New research into Saturn's largest moon stated that while maze-like structures only make up one percent of the moon's landscape, it carries similar appearances to Papua New Guinea and China, Space.com noted.
"When we first saw them, we knew the terrain was special," Michael Malaska, a planetary geologist at NASA's Jet Propulsion Laboratory in California, told Space.com Monday. "Now we know pretty much where they all are."
The NASA spacecraft Cassini traveled to Titan to map its surface and study its atmospheric reactions and found liquid seas there. NASA said researchers think the internal, liquid ocean beneath Titan's surface is likely composed of water and ammonia.
Space.com reported that the mazes were first spotted during the Cassini mission in 2010. Malaska told the website that there are many spots on Titan that "look almost exactly like some of the places we have here on Earth."
The website said the labyrinth terrain on Puerto Rico where the Arecibo telescope is located is an example of the unique terrain that is similar to what researchers found on Titan. Space.com wrote that water carved out limestone caves and created channels and sinkholes, including the one that holds the telescope.

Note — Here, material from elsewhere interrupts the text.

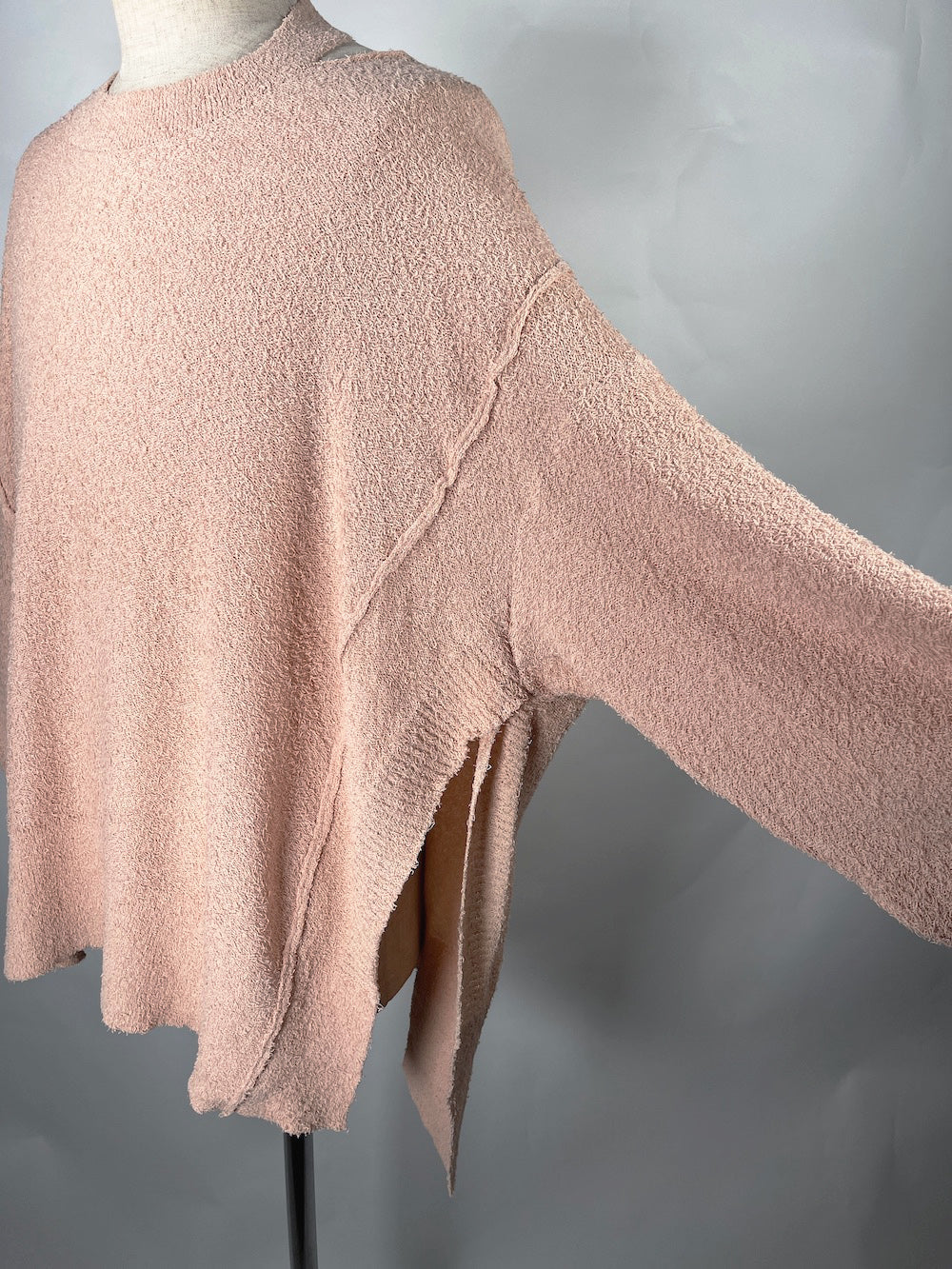 LB23SS-KN02-PL | ピンチョスヤーンサイドベントサマーニット | CORAL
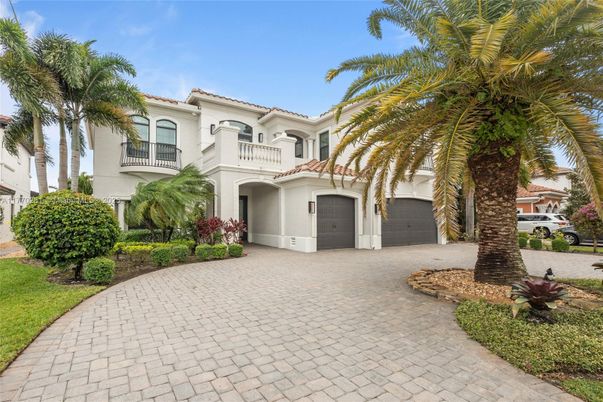 Attached, Exterior, Facade, Mediterranean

"The ones on Titan are way bigger," Malaska told Space.com, estimating that they are 10 times the size of where Arecibo is located.
NASA said Titan, which is the second-largest moon in the solar system, is 3,200 miles across; large enough to affect the orbit of other nearby Saturn moons. The moon's thick nitrogen-rich atmosphere hides its surface from view.
Space researchers think Titan's atmosphere is similar to early Earth atmosphere of long ago, and today is approximately 95 percent nitrogen with traces of methane, according to NASA.